Man, I looked at the all the projections a few minutes ago, and they almost all have it going pretty much up the center slightly to the left in Louisiana. My city is only a few counties north of the gulf, we're in the eye's path right now. After seeing that I'm getting a little anxious, but I'm remembering, that this thing could go anywhere at this point. It's not even in the Gulf yet and it's still just a TS right now. Guess it's time to glue myself to the TV.


----------



## susan tuck (Mar 28, 2006)

Please be careful you guys. Let us know if there is anything we can do in the next coming days.


----------



## Bob Scott (Mar 30, 2006)

One of our club members is with Homeland Security at the airport here. She just left for NO and expects to ride out the storm on a cot in the airport. 
Stay safe folks!


----------



## Howard Gaines III (Dec 26, 2007)

They need to name the next storm "Joe" because it's all a big blow! =D> 
From the First State, also the one Joe Biden is from...=; :-\"


----------



## susan tuck (Mar 28, 2006)

Obviously I am not a moderator but I would ask that we leave our opinions about politics or those running for political office out of threads that have nothing to do with politics. See, you make a snotty remark about one person or party, then I feel compelled to make an equally snotty remark about someone else from the other party, which considering we are on a hurricane thread would be oh so easy to do considering recent history.


----------



## Gillian Schuler (Apr 12, 2008)

Hope you all keep safe - have just seen it on our Swiss News.


----------



## kim guidry (Jan 11, 2008)

Well, you guys, Chris D. and my self are right smack in the middle of this thing. Chris lives north of I-10 and I live south of I-10, but we are only about 15 miles from each other. We have not decided if we will stay or leave. Its just one of those things you grow up with down here. You batten down and get as best prepared as you can. We have a generator to plug in our fridge and a window unit.\\/ The majority of people down here have gas ranges instead of electric so we can cook if needed. Hell we can turn it into a neighborhood block party and have a BBQ. They don't call it Hurricane parties for nothing! 

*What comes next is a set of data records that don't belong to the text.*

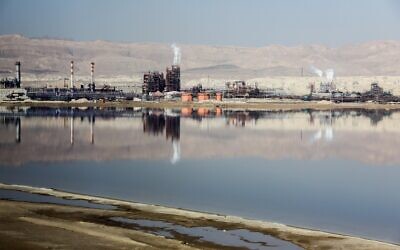 Une vue de Dead Sea Works Ltd.,
 le 2 février 2018. (Crédit : Issac Harari/Flash90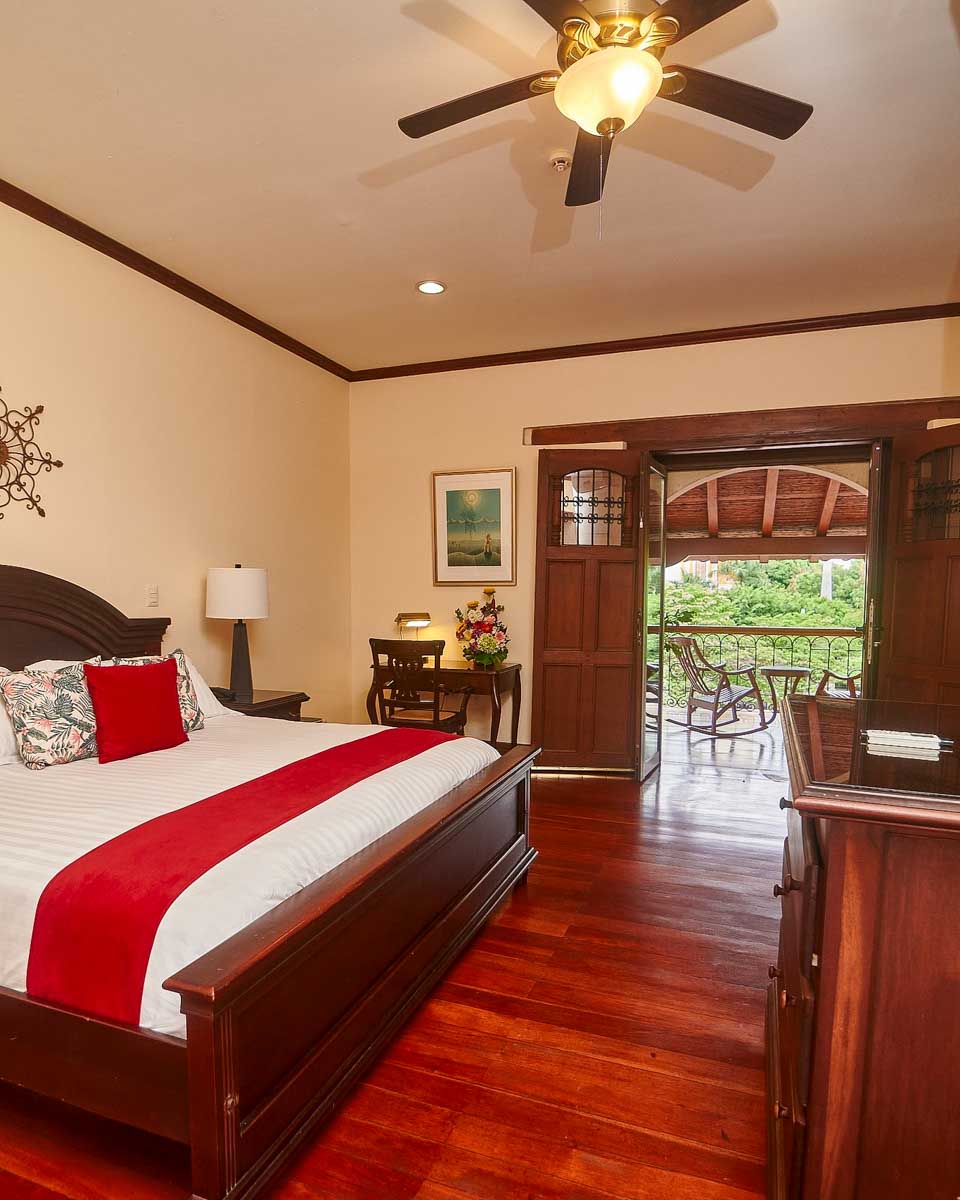 Hotel Plaza Colón Granada Nicaragua room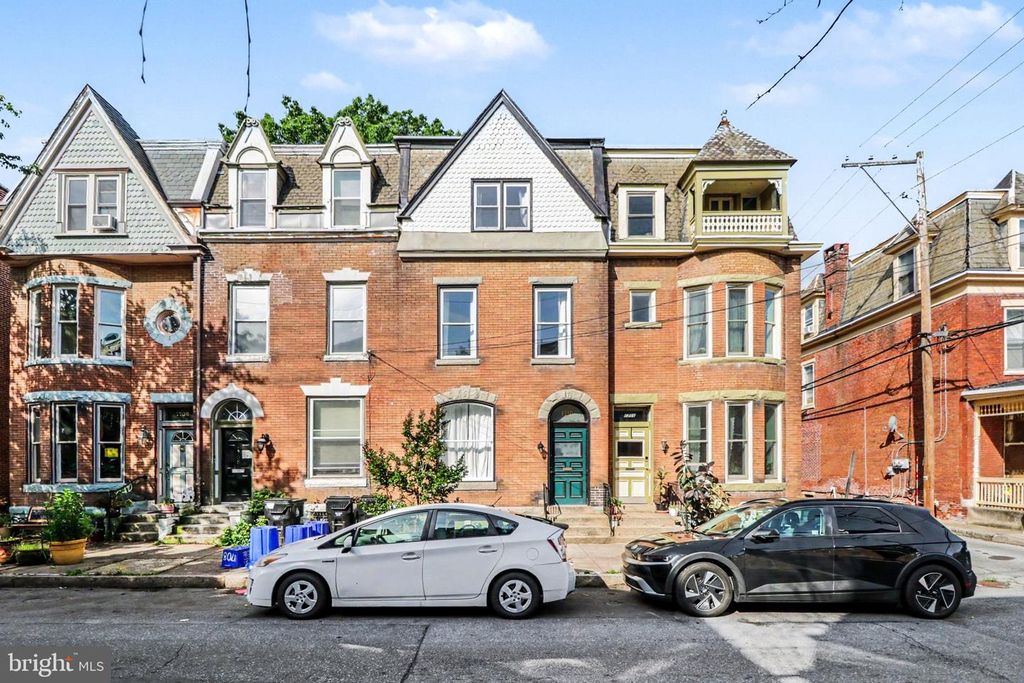 1710 GREEN ST, Harrisburg, PA 17102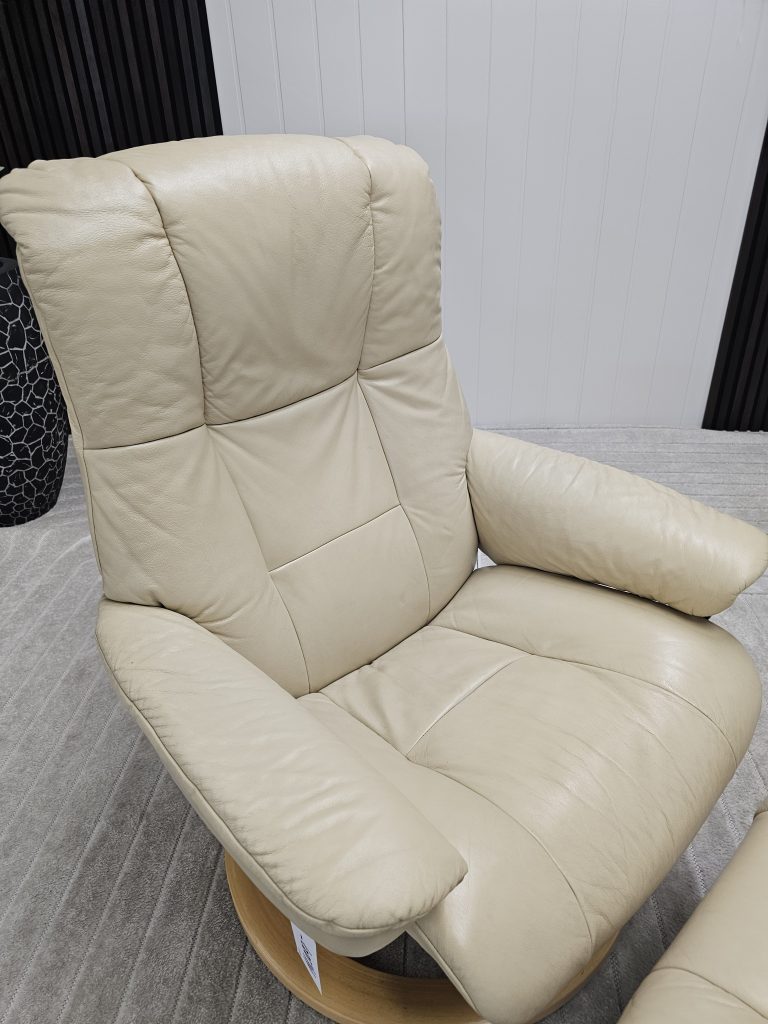 Stressless Mayfair lenestol med krakk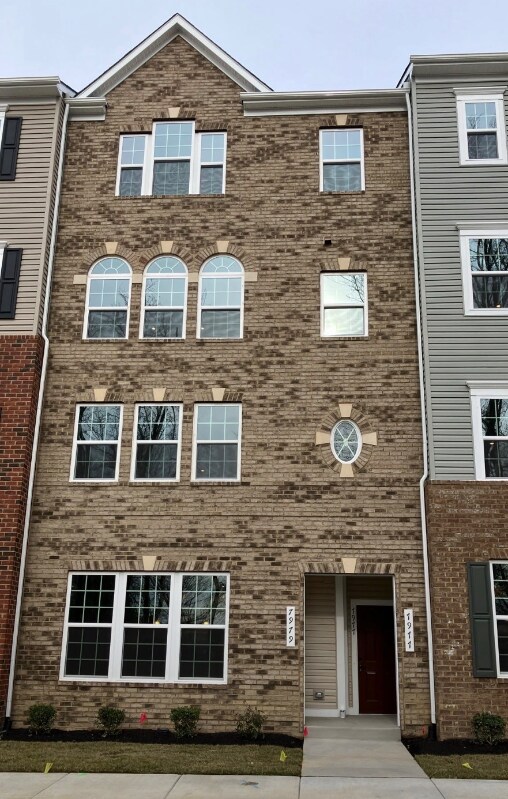 Foto del edificio - 7977 Independence Dr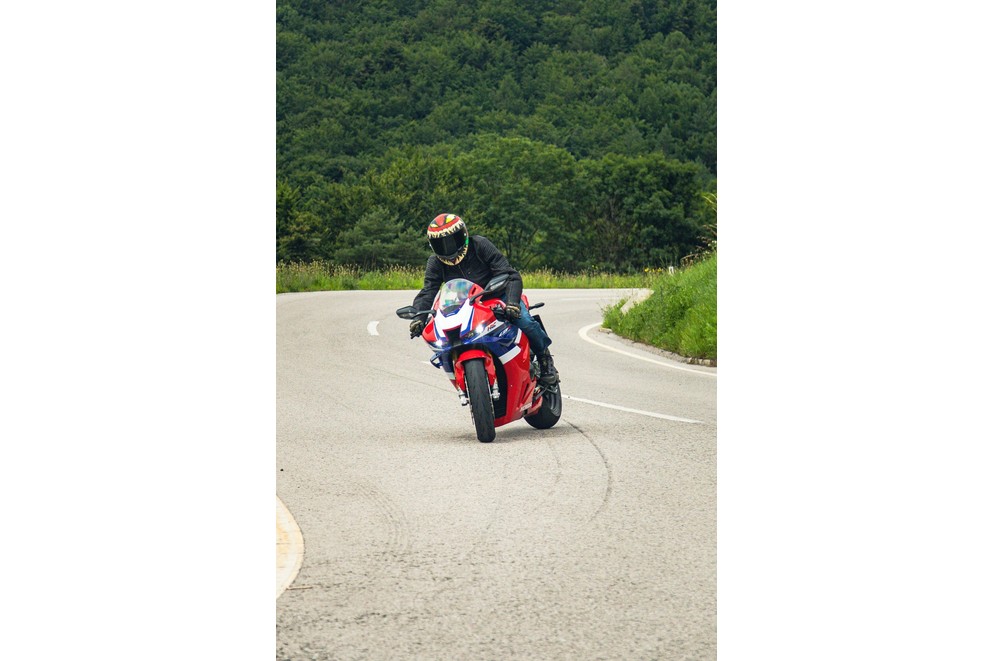 Test de la Honda Fireblade SP 2024 sur route sinueuse - Image 45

I know this is not funny stuff and I am not making light of it, but we have to deal with the cards we are dealt.

If anybody want to know what is going on in our area you can go to the local news web site.
www.katc.com Thank you everyone for all of your support and we will keep in touch.

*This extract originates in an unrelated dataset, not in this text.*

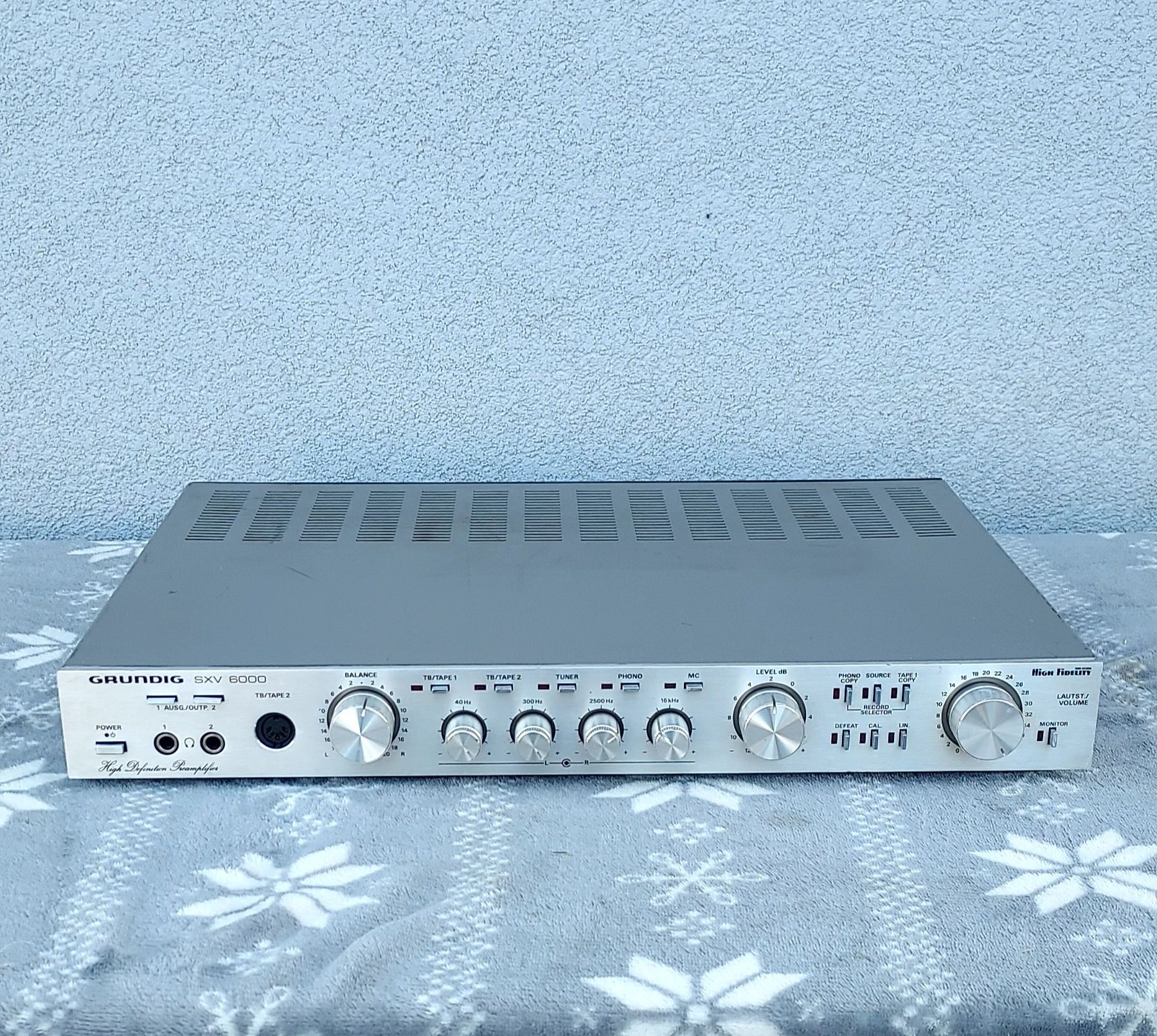 Przedwzmacniacz Grundig SXV-6000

Hey Chris...I heard yall got a new dog by the name of Scooby! Be safe


----------



## Ashley Pugh (Nov 9, 2007)

Kim, Don't make me worry! Oh hell, who am I kidding, I'm a worry wort, I'll do it anyway!

You guys be safe.


----------



## Mo Earle (Mar 1, 2008)

Kim....keep and eye on that storm, some are predicting a Cat3 or Higher!:evil:..being from Florida, we have similar drills down pat,it seems like yesterday...we had Andrew, Wilma, Jeanne, Francis.. our house is also wired to generator, we have gas cooking etc, hurricane shutters, safe room....etc...but there is a point-as you well know... when it is time to batten the hatches and get going and unfortunately that can't be put off until the last minute....! We are all keeping an eye on the storm here too...in addition to Hanna and Ike....
as I said before- You and yours Be safe !


----------



## Howard Gaines III (Dec 26, 2007)

susan tuck said:


> Obviously I am not a moderator but I would ask that we leave our opinions about politics or those running for political office out of threads that have nothing to do with politics. See, you make a snotty remark about one person or party, then I feel compelled to make an equally snotty remark about someone else from the other party, which considering we are on a hurricane thread would be oh so easy to do considering recent history.

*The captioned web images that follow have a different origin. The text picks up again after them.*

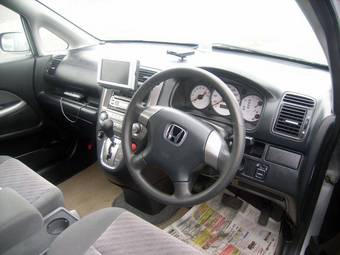 2005 Honda Stream Pictures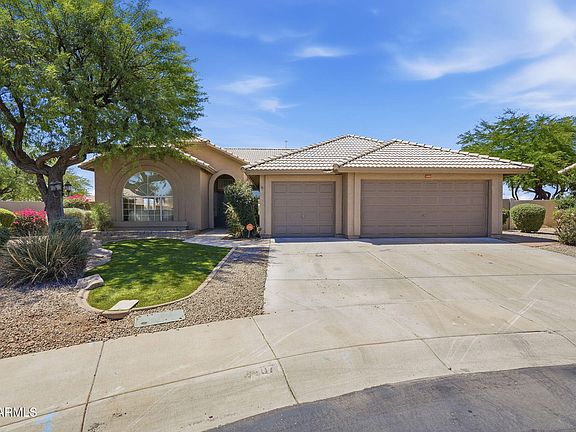 5th image of 2407 N 132ND Avenue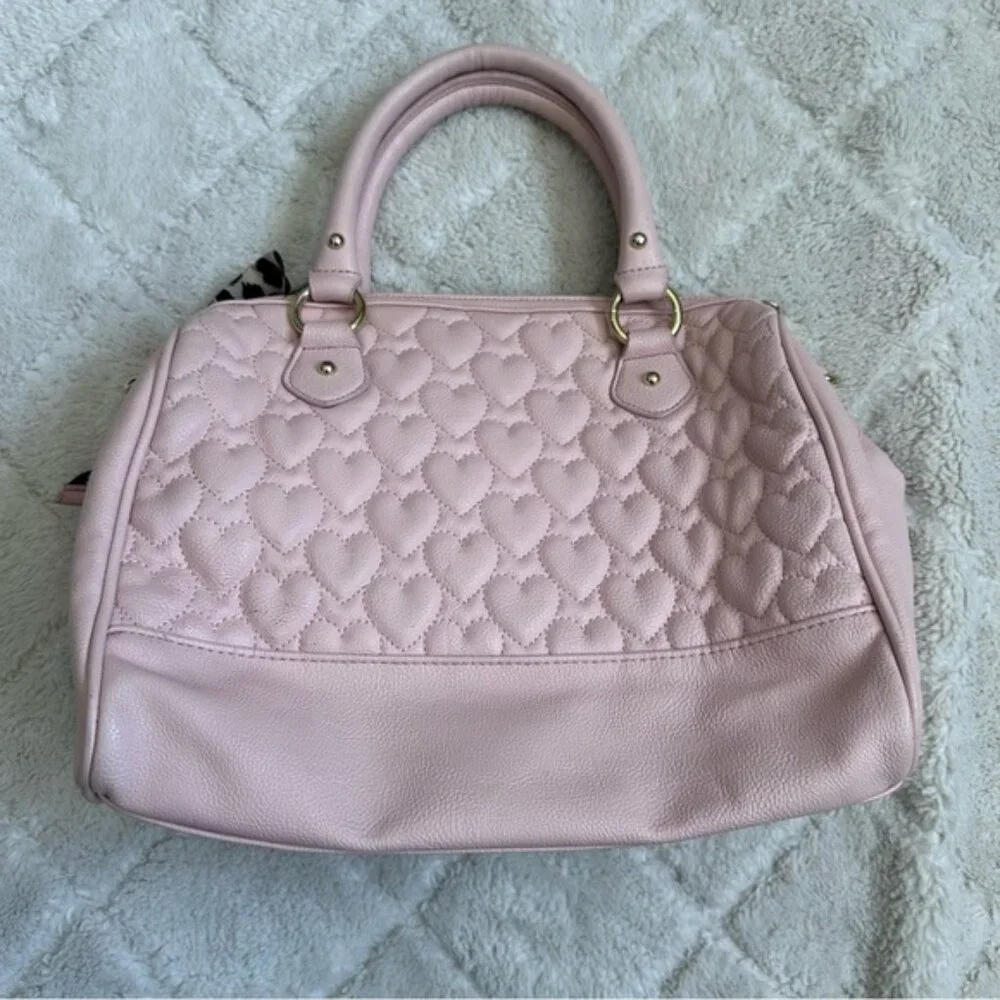 Betsey Johnson | Pink Quilted Heart Bowler Bag with Leopard Bow - Picture 4 of 15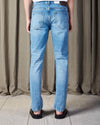 NN.07 Tony lichtblauwe jeans, gedragen achteraanzicht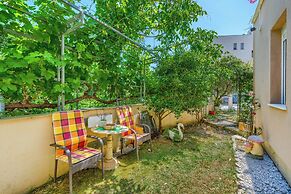A 2 Comfortable apt w Terrace & Garden, Near Beach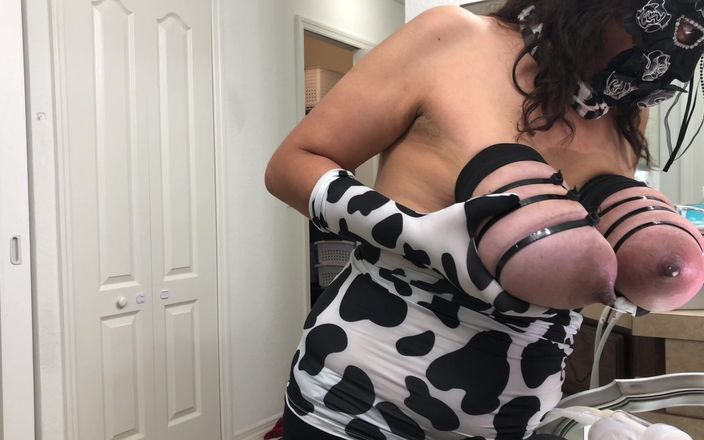 VeeVee Vixen: Huge Sausage Tied Tits Hucow Gets Milked Cam C Cow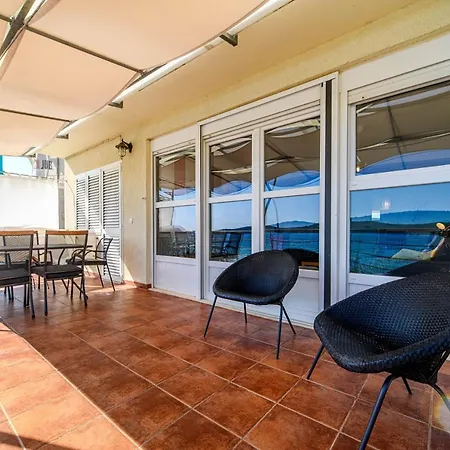 Seaside Apartment *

Susan if ALL THREADS remained on topic, which none do around here, they wouldn't go beyond two remakes. =; 

Second point, this is a social *forum area, *and Joe Biden is from MY state, Delaware, so I feel right in calling out some hot wind on this one!  

Remark away if you wish or command the winds to "be still." I understand YOUR position...=D>


----------



## Ashley Pugh (Nov 9, 2007)

Gustav is now a Cat. 4 'extremely dangerous' storm. I'm wondering what he'll do when he gets into the gulf and brews for a day or so.

You guys please be safe.


----------



## kim guidry (Jan 11, 2008)

Hi everyone,

Yep, he is a 4 and quite possibly going to a 5. Lafayette (where I live) is under a voluntary evacuation. They are going to start Contraflow on Sunday am. That is where the 4 lanes of certain hwys will all be going 1 way. We have reservations in Ganesville, Fl. Its 9 hours away but there was nothing closer. Besides we will be traveling with 3 dogs, at least I had time to give them all a bath this am.#-o Like I said earlier, Chris Duhon is about 15 miles north of me and he has to say. Thank You everyone for your concern and please keep everyone in Louisiana in your prayers.


----------



## Howard Knauf (May 10, 2008)

Hold on tight boys and girls. I don't envy you at all up there. This blows. We're still not out of the woods here either. Hanna is going to stall off the coast where I'm at and could hit Mo down in S. Fl or go north to Jacksonville/Carolinas.


----------



## Chris Duhon (May 24, 2007)

Yeah, they finally cut my vacation off officially, just got the call to report to work tomorrow morning at 6am. All projections show the old communist Gustav right in line with Kim and I's parishes. The latest shows the eye passing over us. it's suppose to hit the coast with Katrina and Rita strength. Seen one report where they said the waters off the coast of La is cool enough now to weaken it to possibly a low 2 or even a 1 just prior to landfall. I turned on my scanner and listened to the guys already activated at work, their gasing up our Trucks and ATV's. Tomorrow we're turning our Major interstate and Hwy's to only flow North. Unfortuantely I just know if this thing goes bad, Looting and Burglaries are going to go through roof here. We have an overwhelming abundance of knuckleheads here, I all ways tell people Welcome to South Compton, Louisiana, LOL.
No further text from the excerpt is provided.